*** Supplied entries ***

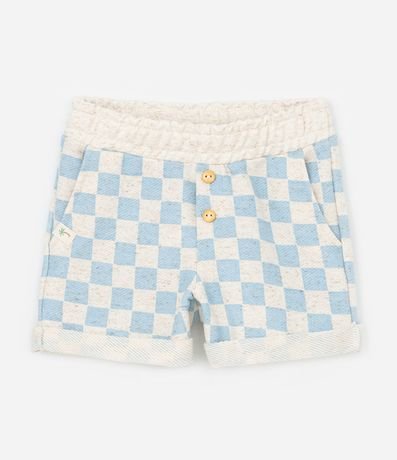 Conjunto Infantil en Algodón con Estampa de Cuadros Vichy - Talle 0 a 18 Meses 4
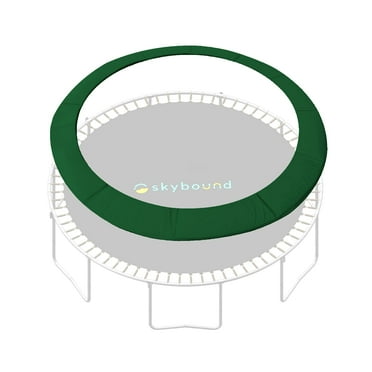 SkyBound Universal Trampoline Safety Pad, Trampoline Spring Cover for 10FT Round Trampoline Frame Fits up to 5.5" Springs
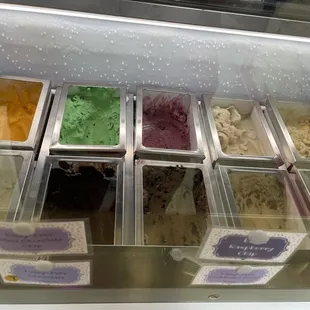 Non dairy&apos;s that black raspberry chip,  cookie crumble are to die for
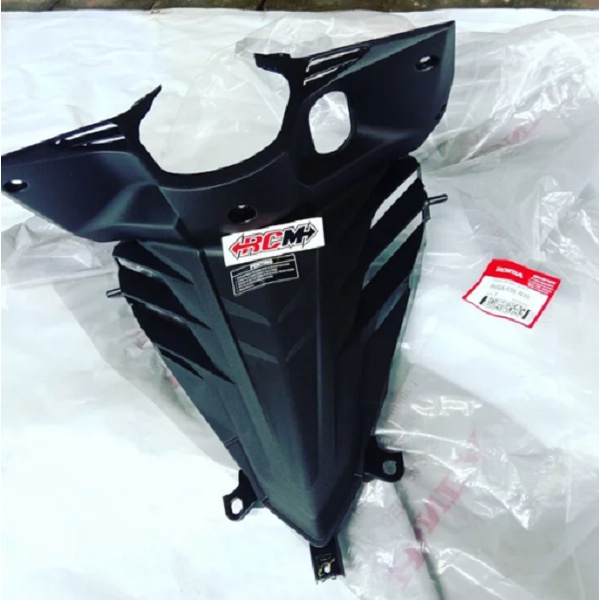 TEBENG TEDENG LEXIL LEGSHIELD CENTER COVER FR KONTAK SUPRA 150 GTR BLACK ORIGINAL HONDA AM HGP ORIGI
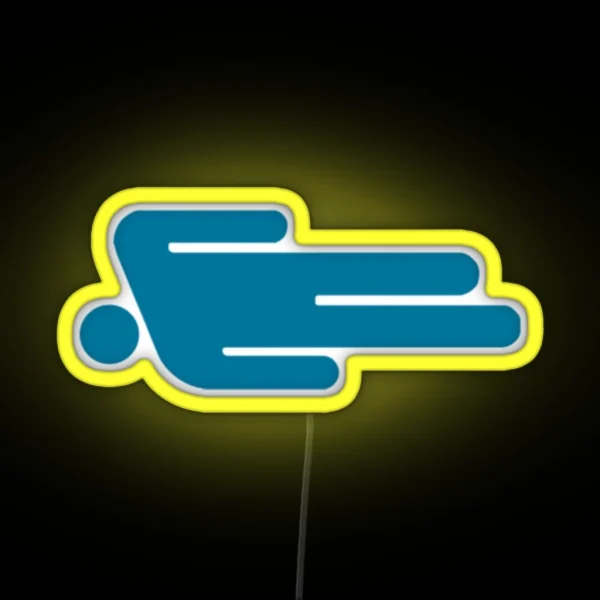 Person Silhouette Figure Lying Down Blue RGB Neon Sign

*** End of Supplied entries ***
*** Supplied entries ***

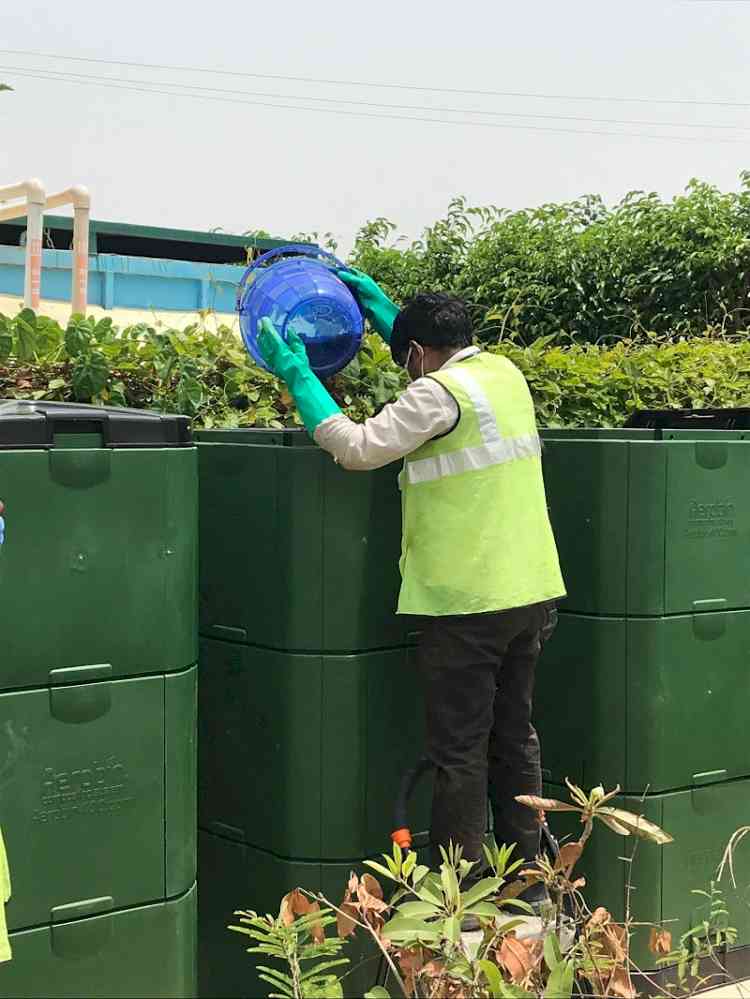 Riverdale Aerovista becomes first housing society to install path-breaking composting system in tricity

*** End of Supplied entries ***

## [Exercise aim]
Taking the material above, give again exactly the lines from the one holding "TEBENG TEDENG LEXIL" through the one holding "Person Silhouette Figure", with both ends and without pictures.

## [Answer to the exercise]
 TEBENG TEDENG LEXIL LEGSHIELD CENTER COVER FR KONTAK SUPRA 150 GTR BLACK ORIGINAL HONDA AM HGP ORIGI
 Person Silhouette Figure Lying Down Blue RGB Neon Sign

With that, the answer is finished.